La Bielorussia ha ripristinato i controlli alla frontiera con la Russia dopo 28 anni, forse per impedire la fuga dei russi che non vogliono arruolarsi e combattere in Ucraina

Il presidente bielorusso Alexander Lukashenko e quello russo Vladimir Putin (Mikhail Klimentyev, Sputnik, Kremlin Pool Photo via AP)
Il presidente bielorusso Alexander Lukashenko e quello russo Vladimir Putin (Mikhail Klimentyev, Sputnik, Kremlin Pool Photo via AP)

Per la prima volta dopo 28 anni la Bielorussia ha ripristinato i controlli alla frontiera con la Russia, paese con cui confina per circa 1.000 chilometri. La frontiera era stata creata dopo la fine dell’Unione Sovietica nel 1991, con la proclamazione dell’indipendenza da parte della Bielorussia, e i controlli erano rimasti attivi fino al 1995, quando il governo bielorusso e quello russo si accordarono per interromperli.

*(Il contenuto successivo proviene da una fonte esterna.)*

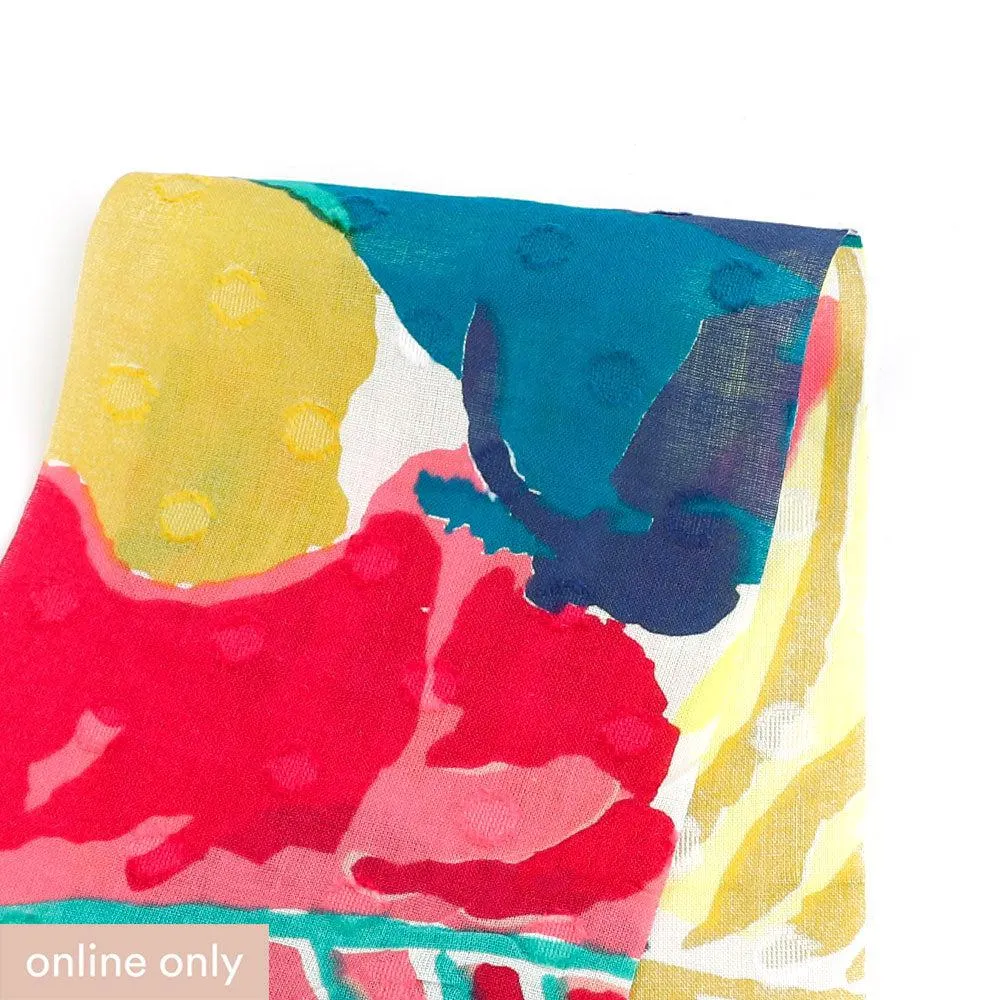 Blooming Garden Hailspot Cotton - Tropical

Allora come anche oggi alla presidenza della Bielorussia c’era Alexander Lukashenko, che è uno stretto alleato del presidente russo Vladimir Putin e che sostiene la Russia nella guerra in Ucraina.

Il ministro degli Esteri bielorusso, Sergei Aleinik, ha spiegato mercoledì che i controlli alla frontiera sono stati ripristinati in vista dell’imminente entrata in vigore di un accordo firmato nei mesi scorsi dai governi di Russia e Bielorussia sul riconoscimento reciproco dei visti internazionali: l’accordo prevede che le persone non russe e bielorusse che abbiano il visto di un uno dei due paesi possano entrare liberamente nell’altro.

Ma secondo alcuni rappresentanti di Viasna – ong per i diritti umani fondata dal premio Nobel per la Pace Ales Bialiatski per dare assistenza finanziaria e legale ai prigionieri politici bielorussi e alle loro famiglie – il ripristino dei controlli servirebbe in realtà a impedire ai cittadini russi di fuggire in Bielorussia, per evitare di essere arruolati nell’esercito e andare a combattere in Ucraina.